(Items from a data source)
━━━━━━━━━━━━━━━━━━━━━━━━━━━━━━
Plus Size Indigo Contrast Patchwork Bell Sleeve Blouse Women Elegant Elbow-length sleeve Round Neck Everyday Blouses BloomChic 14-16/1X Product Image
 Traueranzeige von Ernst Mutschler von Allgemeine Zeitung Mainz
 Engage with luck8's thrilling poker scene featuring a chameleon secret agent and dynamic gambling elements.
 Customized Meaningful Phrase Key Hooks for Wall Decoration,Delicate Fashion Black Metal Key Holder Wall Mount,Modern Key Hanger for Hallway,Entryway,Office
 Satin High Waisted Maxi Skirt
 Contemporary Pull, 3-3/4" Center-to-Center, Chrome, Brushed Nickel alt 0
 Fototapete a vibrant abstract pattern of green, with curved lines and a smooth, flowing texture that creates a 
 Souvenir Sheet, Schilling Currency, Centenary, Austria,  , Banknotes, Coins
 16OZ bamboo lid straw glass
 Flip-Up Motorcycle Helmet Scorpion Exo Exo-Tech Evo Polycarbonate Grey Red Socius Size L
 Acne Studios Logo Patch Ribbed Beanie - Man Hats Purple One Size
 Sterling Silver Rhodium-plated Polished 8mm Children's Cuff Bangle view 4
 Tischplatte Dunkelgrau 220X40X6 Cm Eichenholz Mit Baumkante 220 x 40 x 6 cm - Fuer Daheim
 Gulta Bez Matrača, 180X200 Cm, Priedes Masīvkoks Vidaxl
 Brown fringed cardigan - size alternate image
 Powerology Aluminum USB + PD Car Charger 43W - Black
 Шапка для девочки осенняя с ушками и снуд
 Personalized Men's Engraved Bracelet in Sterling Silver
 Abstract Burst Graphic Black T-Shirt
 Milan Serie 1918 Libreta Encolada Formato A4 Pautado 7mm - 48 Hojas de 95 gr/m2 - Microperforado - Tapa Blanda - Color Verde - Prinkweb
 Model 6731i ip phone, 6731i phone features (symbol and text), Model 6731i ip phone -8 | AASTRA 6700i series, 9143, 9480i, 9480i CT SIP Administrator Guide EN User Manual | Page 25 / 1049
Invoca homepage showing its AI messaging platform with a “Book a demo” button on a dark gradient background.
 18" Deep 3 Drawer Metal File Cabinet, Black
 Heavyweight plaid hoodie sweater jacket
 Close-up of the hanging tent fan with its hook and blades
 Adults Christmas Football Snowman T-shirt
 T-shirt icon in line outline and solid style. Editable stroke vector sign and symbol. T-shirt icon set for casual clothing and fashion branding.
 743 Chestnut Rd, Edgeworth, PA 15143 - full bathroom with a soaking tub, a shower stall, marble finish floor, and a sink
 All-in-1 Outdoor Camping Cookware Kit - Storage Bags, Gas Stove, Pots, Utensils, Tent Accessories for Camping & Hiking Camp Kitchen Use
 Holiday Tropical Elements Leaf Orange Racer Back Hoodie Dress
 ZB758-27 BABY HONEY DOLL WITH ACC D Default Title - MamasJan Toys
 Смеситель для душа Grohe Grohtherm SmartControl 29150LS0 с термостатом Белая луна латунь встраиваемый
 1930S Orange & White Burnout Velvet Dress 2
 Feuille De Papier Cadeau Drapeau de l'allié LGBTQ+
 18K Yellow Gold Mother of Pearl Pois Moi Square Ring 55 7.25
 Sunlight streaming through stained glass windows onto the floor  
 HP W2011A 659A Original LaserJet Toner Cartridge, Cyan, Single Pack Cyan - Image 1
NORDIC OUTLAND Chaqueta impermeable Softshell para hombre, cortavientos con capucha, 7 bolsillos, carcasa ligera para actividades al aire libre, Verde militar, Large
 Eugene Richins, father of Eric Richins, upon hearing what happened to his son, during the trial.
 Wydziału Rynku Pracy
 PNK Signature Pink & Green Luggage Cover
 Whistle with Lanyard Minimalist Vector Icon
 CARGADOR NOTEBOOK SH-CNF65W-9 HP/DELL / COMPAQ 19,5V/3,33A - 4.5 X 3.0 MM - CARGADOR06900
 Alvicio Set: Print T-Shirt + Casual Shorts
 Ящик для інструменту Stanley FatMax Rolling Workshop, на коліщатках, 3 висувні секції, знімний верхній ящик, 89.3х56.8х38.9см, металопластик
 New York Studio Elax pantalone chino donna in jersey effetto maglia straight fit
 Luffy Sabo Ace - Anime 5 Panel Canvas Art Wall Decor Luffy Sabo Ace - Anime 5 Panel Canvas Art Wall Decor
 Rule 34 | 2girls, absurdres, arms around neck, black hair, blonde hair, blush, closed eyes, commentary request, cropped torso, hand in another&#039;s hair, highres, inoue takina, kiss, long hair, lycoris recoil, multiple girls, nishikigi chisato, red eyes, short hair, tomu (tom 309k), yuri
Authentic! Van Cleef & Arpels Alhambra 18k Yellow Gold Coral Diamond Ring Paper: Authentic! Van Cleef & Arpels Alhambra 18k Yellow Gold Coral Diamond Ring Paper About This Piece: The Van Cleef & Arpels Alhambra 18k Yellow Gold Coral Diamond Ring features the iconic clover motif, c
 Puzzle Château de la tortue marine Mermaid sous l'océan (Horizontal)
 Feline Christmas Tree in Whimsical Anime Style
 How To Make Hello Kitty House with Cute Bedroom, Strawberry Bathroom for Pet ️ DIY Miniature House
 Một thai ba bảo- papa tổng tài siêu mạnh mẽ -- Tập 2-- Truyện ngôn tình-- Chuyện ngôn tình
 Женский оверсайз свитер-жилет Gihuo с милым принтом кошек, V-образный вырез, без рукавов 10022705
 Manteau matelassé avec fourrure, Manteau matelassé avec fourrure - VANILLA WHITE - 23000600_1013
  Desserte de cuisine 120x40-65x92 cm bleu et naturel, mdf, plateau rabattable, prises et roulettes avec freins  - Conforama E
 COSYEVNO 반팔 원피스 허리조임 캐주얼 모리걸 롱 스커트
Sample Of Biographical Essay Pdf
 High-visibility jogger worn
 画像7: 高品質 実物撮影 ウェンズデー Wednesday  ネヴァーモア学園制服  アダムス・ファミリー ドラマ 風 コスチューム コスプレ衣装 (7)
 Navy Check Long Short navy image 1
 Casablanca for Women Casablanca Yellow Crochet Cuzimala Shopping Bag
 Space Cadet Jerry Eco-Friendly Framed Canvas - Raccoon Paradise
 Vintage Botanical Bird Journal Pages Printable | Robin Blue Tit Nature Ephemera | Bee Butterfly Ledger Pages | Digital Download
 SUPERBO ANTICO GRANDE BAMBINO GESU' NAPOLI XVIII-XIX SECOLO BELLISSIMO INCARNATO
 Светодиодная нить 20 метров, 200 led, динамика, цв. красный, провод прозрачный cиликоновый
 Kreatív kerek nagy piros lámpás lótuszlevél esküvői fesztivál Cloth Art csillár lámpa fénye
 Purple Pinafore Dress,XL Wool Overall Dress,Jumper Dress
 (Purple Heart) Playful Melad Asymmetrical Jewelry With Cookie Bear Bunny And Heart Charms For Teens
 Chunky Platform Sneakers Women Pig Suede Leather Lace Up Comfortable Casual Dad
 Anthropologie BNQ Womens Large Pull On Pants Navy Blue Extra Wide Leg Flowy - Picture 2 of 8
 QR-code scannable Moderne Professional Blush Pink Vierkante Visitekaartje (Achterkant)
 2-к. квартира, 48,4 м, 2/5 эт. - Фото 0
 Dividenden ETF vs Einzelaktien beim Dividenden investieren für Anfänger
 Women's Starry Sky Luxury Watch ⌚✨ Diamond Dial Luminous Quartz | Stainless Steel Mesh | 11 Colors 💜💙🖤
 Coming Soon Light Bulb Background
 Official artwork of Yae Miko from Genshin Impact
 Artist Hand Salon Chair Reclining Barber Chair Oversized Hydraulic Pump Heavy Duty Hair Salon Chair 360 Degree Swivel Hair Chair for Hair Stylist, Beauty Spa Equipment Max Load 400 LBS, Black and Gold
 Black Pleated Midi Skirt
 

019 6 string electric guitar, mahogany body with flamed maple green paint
━━━━━━━━━━━━━━━━━━━━━━━━━━━━━━
All that is needed is the number of lines above in which the string "Silver" appears.

> [Your solution] 2